I couldn't agree more. Especially with how much Portal 2 feels like it is, "on rails." I felt like the puzzles were almost a distraction to get to the next bit of story, compared to Portal 1 where the puzzles were the adventure.
In one game I am doing puzzle which progress the game, in the other I am doing puzzles to progress the game.
That being said, Portal 2 suffers from being the sequel to a game whose unknowability was its greatest asset.
I like Portal 1 better simply because of the simple designs with silent atmosphere
I do like Portal 2 but i've always loved Portal 1 more for its tone, atmosphere and because it's so nostalgic to me. Portal is my second favourite game of all time.
Now we just need to wait for 3000nds for portal 3
I am so, so glad someone agrees with me on this. I always say I prefer portal 1 but I could never put it into words well enough. thank you ^^
[edit : as someone who is generally bad at video games : despite having to google puzzles in both games at some point (;;), portal 1 felt more natural to me. it starts off easy, and gets increasingly difficult while introducing new mechanics alongside getting the player well-versed in basics. in 2, it's more like 'easy tutorial levels, chambers get more complex, new gimmick is introduced, more easy tutorial levels to accommodate for new gimmick etc etc...'. it almost gets there, but then realises it's a sequel and needs to add new stuff, so scrambles to throw more on.
with portal 1, items are introduced slowly, allow the player to do things they normally are unable to, and change up how the player approaches puzzles. in 2, it feels more like 'hey here's some wacky shit I just dug up, go use it' even though puzzles would flow exactly the same, if not better, without said wacky shit. COUGH those stupid panels that completely automate building up momentum for no reason, sometimes even being used at the same time COUGH]
this is a trend in almost all valve sequels, half life alyx actually kinda annoyed me because of its goofyness :/
Yeah, I adore Half-Life 2 and Portal 2 (in fact, they're one of my favorite games) but I always come back to its predecessors more often. In Half-Life it's for the gameplay and in Portal it's for the tone.

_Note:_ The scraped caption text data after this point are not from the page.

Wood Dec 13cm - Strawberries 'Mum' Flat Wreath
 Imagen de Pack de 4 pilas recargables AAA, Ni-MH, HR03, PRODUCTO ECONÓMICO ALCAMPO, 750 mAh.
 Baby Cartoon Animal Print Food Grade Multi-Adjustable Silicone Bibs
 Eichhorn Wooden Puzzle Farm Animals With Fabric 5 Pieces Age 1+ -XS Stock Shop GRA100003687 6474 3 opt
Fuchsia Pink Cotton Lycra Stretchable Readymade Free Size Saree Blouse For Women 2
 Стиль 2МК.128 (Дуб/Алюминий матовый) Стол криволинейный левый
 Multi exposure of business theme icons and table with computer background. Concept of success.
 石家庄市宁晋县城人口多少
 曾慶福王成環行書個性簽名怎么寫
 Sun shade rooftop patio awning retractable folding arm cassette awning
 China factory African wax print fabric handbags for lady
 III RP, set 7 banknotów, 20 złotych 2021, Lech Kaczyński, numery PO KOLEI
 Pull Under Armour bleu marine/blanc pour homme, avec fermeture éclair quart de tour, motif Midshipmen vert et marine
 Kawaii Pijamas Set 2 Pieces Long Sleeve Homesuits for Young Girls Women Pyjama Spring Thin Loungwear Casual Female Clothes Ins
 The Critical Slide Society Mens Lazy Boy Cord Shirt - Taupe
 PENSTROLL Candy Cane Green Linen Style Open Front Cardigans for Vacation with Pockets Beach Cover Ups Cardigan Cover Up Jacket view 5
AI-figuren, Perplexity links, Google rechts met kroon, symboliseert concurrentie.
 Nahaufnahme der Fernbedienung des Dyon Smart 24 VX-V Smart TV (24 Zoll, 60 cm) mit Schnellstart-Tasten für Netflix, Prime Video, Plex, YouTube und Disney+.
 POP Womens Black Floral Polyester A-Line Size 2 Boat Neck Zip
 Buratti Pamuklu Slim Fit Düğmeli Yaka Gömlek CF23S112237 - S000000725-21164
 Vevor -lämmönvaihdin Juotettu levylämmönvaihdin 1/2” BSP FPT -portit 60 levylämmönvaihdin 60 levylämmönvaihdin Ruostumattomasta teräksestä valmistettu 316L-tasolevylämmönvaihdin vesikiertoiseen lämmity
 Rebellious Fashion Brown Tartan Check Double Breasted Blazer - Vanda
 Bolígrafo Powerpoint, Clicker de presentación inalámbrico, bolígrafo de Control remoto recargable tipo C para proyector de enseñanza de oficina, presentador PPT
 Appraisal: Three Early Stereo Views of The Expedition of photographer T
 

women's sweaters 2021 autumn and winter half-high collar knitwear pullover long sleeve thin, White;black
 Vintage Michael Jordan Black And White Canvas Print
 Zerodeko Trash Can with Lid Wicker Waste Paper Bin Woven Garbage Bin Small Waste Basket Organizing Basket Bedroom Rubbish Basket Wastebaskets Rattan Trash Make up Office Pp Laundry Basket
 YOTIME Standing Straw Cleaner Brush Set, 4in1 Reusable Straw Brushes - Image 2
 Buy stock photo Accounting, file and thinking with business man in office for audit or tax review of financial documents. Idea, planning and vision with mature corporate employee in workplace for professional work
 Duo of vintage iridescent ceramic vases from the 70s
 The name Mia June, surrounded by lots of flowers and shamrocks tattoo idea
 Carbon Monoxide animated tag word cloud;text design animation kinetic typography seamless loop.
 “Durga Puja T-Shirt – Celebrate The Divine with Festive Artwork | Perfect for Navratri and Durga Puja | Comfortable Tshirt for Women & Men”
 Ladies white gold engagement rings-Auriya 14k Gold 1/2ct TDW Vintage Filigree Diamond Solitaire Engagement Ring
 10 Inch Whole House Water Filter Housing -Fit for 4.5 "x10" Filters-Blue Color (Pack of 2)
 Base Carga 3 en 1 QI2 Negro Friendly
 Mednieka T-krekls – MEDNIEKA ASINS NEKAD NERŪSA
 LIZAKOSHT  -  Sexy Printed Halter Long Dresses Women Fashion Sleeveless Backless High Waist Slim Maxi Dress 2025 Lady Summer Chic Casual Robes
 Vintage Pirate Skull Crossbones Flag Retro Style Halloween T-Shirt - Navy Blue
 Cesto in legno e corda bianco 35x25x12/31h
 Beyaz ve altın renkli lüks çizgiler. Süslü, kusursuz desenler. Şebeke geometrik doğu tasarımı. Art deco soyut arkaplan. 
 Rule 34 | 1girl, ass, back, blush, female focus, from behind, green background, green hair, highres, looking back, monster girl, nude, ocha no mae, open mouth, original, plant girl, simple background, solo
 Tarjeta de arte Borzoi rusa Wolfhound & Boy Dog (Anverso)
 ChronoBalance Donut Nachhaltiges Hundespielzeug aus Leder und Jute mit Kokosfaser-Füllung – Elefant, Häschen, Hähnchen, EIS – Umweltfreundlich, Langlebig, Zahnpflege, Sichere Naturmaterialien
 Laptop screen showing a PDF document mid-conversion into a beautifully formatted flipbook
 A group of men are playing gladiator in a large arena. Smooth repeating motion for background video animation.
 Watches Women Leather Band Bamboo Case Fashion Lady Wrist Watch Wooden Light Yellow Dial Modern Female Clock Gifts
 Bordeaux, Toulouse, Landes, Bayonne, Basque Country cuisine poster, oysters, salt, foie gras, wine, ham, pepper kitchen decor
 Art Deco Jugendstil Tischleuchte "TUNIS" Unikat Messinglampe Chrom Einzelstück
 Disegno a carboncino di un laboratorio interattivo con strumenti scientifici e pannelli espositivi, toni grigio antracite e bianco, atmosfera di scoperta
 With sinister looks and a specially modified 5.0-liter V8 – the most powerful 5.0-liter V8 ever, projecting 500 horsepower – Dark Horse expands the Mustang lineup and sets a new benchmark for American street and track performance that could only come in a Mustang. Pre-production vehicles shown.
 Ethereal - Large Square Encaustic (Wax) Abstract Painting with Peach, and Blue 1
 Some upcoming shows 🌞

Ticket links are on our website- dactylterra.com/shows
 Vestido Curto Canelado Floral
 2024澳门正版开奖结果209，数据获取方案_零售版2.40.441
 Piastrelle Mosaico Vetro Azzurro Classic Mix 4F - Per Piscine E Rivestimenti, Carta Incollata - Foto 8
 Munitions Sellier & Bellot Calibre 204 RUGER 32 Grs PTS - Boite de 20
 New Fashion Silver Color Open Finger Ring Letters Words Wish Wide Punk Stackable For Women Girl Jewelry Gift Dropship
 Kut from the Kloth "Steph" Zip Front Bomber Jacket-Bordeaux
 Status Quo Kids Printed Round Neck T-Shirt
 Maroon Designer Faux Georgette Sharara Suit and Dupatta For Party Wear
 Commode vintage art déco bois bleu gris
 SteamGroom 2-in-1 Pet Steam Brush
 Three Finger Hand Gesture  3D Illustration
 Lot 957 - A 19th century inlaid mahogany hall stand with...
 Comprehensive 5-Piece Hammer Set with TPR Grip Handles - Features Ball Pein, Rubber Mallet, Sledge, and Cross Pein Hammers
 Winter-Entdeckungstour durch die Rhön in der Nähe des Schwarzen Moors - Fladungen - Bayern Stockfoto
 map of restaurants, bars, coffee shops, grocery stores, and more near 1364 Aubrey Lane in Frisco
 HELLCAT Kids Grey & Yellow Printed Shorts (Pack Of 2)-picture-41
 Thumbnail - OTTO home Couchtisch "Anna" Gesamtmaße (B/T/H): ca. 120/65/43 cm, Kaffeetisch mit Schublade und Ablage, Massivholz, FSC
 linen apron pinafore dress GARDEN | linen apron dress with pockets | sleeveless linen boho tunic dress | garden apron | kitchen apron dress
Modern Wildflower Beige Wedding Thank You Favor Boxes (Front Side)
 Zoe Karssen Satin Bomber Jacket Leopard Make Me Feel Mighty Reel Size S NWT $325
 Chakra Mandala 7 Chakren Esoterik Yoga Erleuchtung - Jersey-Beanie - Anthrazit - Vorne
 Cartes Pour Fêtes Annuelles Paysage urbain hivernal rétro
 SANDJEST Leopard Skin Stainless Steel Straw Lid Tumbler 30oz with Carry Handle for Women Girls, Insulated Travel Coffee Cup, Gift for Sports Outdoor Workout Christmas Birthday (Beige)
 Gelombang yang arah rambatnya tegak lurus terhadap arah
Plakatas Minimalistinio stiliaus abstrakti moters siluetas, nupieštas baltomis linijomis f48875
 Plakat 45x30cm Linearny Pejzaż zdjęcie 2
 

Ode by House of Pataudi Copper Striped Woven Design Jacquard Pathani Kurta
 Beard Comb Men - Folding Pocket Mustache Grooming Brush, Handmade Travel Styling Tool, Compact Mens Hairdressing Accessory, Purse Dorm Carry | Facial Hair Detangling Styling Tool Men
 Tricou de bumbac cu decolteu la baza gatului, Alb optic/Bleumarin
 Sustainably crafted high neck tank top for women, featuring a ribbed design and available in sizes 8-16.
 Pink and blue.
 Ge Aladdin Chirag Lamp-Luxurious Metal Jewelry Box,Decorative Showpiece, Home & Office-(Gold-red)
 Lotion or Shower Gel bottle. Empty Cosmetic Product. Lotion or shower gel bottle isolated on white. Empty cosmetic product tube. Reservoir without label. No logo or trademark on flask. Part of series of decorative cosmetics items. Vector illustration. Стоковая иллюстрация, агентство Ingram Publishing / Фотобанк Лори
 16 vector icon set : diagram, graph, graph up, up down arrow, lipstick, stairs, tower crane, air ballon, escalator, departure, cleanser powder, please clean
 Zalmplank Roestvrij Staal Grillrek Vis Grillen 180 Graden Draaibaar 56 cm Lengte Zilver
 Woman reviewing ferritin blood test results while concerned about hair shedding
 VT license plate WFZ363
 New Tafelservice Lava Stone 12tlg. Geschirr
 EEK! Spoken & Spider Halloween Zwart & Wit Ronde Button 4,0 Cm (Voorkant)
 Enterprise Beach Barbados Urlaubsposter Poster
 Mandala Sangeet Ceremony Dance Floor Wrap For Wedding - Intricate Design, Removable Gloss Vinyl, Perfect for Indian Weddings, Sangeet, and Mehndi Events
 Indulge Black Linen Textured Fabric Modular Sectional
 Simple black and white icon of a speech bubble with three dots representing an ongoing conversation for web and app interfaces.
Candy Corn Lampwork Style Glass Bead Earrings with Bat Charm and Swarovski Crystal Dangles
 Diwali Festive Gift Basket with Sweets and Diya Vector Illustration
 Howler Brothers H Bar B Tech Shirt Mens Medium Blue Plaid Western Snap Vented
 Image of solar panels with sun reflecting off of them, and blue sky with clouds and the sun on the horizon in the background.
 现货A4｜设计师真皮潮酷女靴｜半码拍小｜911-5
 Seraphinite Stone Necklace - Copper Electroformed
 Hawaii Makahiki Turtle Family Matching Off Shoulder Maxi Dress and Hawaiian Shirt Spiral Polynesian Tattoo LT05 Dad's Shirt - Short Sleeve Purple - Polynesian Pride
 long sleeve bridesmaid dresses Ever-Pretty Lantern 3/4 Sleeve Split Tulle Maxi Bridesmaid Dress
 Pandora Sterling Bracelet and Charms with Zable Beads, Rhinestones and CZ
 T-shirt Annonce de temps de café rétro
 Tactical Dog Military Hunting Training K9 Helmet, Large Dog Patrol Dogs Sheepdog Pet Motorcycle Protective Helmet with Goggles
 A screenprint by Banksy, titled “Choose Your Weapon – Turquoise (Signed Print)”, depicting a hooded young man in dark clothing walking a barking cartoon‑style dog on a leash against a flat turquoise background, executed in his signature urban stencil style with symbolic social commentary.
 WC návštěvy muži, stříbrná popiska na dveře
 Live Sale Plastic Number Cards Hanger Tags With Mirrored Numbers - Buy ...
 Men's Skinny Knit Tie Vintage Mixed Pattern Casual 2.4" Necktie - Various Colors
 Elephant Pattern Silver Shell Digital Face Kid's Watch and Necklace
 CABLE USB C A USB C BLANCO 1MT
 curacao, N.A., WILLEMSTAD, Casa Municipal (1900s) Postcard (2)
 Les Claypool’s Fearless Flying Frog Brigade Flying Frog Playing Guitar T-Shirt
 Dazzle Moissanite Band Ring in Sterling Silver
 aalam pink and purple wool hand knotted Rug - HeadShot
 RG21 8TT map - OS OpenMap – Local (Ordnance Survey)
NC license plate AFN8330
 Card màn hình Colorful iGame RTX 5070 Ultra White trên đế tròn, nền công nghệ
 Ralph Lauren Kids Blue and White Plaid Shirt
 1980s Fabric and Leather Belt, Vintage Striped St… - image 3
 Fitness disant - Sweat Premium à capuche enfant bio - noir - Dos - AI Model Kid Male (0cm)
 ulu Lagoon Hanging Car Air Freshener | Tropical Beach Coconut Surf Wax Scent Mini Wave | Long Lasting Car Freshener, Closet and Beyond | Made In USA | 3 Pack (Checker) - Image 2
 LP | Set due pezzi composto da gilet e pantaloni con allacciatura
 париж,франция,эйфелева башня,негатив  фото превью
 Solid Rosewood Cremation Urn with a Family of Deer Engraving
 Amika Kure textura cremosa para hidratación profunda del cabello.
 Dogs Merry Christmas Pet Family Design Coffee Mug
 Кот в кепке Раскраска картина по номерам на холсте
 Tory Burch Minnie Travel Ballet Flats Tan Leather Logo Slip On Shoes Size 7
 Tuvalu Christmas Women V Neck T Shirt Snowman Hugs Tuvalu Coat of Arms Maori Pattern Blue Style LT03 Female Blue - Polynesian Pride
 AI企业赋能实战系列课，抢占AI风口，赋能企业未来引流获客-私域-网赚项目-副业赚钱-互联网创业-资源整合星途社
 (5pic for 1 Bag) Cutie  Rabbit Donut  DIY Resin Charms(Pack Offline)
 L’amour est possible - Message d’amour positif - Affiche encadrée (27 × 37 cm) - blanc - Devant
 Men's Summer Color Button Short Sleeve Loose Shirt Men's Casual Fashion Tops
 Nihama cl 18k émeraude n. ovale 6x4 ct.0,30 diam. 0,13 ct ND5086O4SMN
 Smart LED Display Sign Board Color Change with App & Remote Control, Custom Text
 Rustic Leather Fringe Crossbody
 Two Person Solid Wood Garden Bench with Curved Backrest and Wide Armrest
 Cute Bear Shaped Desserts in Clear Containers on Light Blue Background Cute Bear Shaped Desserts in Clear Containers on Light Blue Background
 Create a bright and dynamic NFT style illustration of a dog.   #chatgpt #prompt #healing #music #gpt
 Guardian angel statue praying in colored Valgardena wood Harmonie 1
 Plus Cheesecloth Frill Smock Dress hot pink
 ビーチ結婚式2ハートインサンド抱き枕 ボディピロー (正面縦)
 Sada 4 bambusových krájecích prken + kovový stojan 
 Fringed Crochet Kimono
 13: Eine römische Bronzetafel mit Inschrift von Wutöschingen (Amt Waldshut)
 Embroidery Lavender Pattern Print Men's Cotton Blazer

i think i spent more time looking for portalable surfaces than actualy solving the puzzles in portal 2
Man portal frightened me as a highschooler. Portal 2 in college came at a great time for me to laugh but in reflection portal was the superior game. You put all the reasons very well. I also have like, orders of magnitude more in portal 2. Plus those co-op levels people make can be brutal. Felt actually smarter after solving them but also had to take a nap.
"puzzles that solve themselves" THANK YOU. Surely my number one top complaint about portal 2. Valve sandblasted it with play testing so hard that almost the whole game feels more like a puzzle themed walking simulator than a puzzle game
Try portal reloaded! It’s the best portal 2 mod with a third time travel portal and really hard puzzles
I don't really understand this complaint. The game assists you with many things (portal placement aim assist, trajectory adjustment etc.) but those are things that are just quality of life and don't necessarily make the thought process of the puzzles easier. But the puzzles themselves get really challenging, especially in old Aperture (talking about the actual test chambers, not the inbetween parts) and Wheatley's later (stolen) chambers. The main difference is you don't have to deal with the jank of Source physics object cubes or slow, hard to predict energy balls. The puzzles in portal 1 may be challenging on a first playthrough when you're still getting used to the base mechanics of portals, but if you were to play Poartal 1 for the first time after playing the first half of Portal 2, they'd probably already be extremely easy to solve.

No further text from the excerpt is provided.